** Opening Records for this task block **
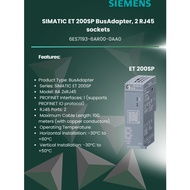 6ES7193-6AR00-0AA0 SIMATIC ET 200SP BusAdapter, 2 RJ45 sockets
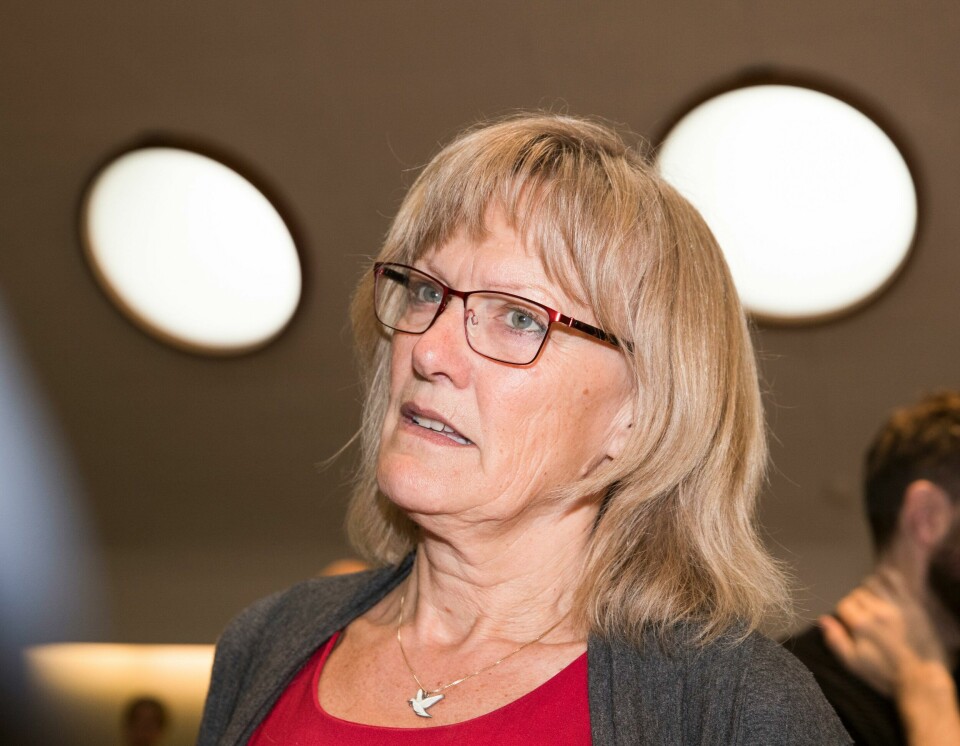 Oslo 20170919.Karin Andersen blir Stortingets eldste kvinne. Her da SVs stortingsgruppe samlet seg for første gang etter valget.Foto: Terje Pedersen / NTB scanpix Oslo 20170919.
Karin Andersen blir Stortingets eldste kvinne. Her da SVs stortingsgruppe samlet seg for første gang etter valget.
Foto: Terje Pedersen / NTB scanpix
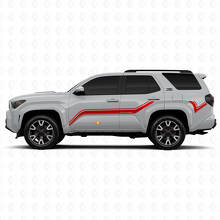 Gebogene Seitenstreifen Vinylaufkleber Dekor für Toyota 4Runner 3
** Closing Records for this task block **
#### [Assignment]
Will you restate every entry word for word and omit the images?

#### [Task response]
 6ES7193-6AR00-0AA0 SIMATIC ET 200SP BusAdapter, 2 RJ45 sockets
 Oslo 20170919.Karin Andersen blir Stortingets eldste kvinne. Her da SVs stortingsgruppe samlet seg for første gang etter valget.Foto: Terje Pedersen / NTB scanpix Oslo 20170919.
Karin Andersen blir Stortingets eldste kvinne. Her da SVs stortingsgruppe samlet seg for første gang etter valget.
Foto: Terje Pedersen / NTB scanpix
 Gebogene Seitenstreifen Vinylaufkleber Dekor für Toyota 4Runner 3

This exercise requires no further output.